Con voz apagada, respondió:

—Hay whisky, pero es para Stella. Yo no bebo.

—Bien, pues ahora beberá un poco. Le sentará bien. Y, yo también necesito uno. Y luego se sentará tranquilamente y me lo contará todo de cabo a rabo.

Ella objetó:

—Pero, si no ha sido usted, ¿quién ha matado a Stella?

—Yo diría que la misma persona que mató a Lorrimer. Dos asesinos sueltos en una comunidad tan pequeña es demasiada coincidencia. Pero, mire, tiene que entregar esta nota a la policía. A mí no puede perjudicarme, ya no, y quizás a ellos les sirva de ayuda. Si su amiga encontró una información incriminadora en el escritorio de Lorrimer, bien pudo encontrar otra. La nota no la utilizó; probablemente sabía lo poco que valía. Pero ¿y la información que sí utilizó?

Ella respondió cansadamente:

—Dígaselo usted, si quiere. Ya no importa.

Pero él prefirió preparar el té antes. La limpieza y buen orden de la cocina le complacieron, y se entretuvo arreglando la bandeja y depositándola ante ella en una mesita baja que él mismo llevó junto al fuego. Volvió a dejar el sable sobre la chimenea, retrocediendo unos pasos para asegurarse de que colgaba correctamente. A continuación, arregló el fuego. Ella había meneado negativamente la cabeza cuando le ofreció el whisky, pero él se sirvió una generosa medida y tomó asiento enfrente de ella, al otro lado del fuego. La mujer no suscitaba en él ninguna atracción. En sus breves encuentros en el laboratorio, nunca le había dedicado nada más que una desinteresada mirada casual al pasar por su lado. No era habitual en él molestarse por una mujer de la que no pretendía nada, y aquella sensación de altruista amabilidad le resultaba desacostumbrada pero agradable. Sentado en silencio frente a ella, los traumas del día se desvanecieron y sintió una curiosa paz. Tenían algún material bastante bueno en aquel cottage, decidió, contemplando la confortable y repleta sala de estar. Se preguntó si lo heredaría todo ella.

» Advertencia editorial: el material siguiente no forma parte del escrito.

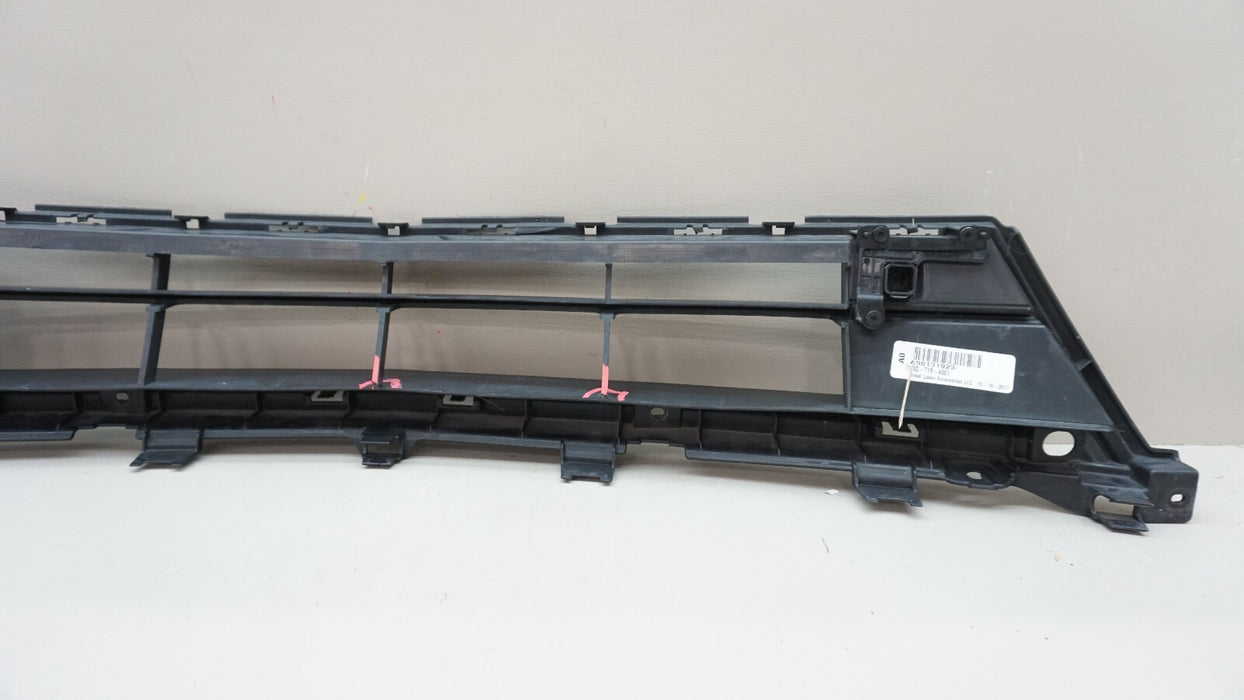 2017-2020 ACURA MDX FRONT LOWER RADIATOR GRILLE OEM 17 18 19 20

Pasaron diez minutos antes de que se dirigiera al teléfono. Cuando regresó, la visión de su rostro sacudió a la mujer de su entumecida desdicha. Preguntó:

—¿Qué hay? ¿Qué le han dicho?

Él entró en la habitación frunciendo el ceño, con expresión intrigada. Contestó:

—No estaban. Massingham y él no estaban en Guy’s Marsh ni en el laboratorio. Están en Muddington. Se han ido al pozo de tajón.